Union PT has been serving the climbing community for many years. We have experienced climbers on staff and our therapists who don’t climb know your sport very well. We have served some of the regions strongest climbers, industry athletes and professional climbers. What ever your current level is we have researched and developed programs to address the issues that are specific to climbing.
A climber’s body develops patterns of muscle dominance and imbalance that are unique to this sport. Being aware of these patterns helps us prescribe the rehab and return to sport programs for our patients. We know the movements required and the demands your body needs to stand up to when returning to climbing and ramping up training. Union PT collaborates with local gyms providing quarterly injury prevention seminars for Vertical World as well as providing youth injury screening for the Seattle Bouldering Project Climbing Team. Union PT was also involved in providing event coverage for the Northwest Boulderfest.
Always consult your physician or physical therapist before beginning any exercise program. The general information we are providing here is not meant to substitute or replace a healthcare professional. If you think you have a health emergency or experience increased pain please call your doctor or 911 immediately. We make no representations or warranties concerning any usage of the information here and will not be liable for any direct, indirect, special, exemplary losses or damages that may result. Reliance on any information contained in these videos is strictly at your own risk.
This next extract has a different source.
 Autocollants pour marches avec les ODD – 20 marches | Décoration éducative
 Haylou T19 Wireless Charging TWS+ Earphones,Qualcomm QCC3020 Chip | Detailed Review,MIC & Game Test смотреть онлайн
Antagonist Exercises for Injury Reduction
As a climbers you develop patterns of muscle dominance and stiffness through your core, shoulders and arms. These patterns of dominance can in some cases have a negative impact on flexibility, joint alignment, and joint stability. This can eventually lead to injuries in the shoulders, elbow, hands and nerve compression syndromes such as thoracic outlet. The simple practice of spending 15 to 20 minutes training a few key climbing antagonist after your climbing sessions can help you to climb longer and climb stronger with a more balance body.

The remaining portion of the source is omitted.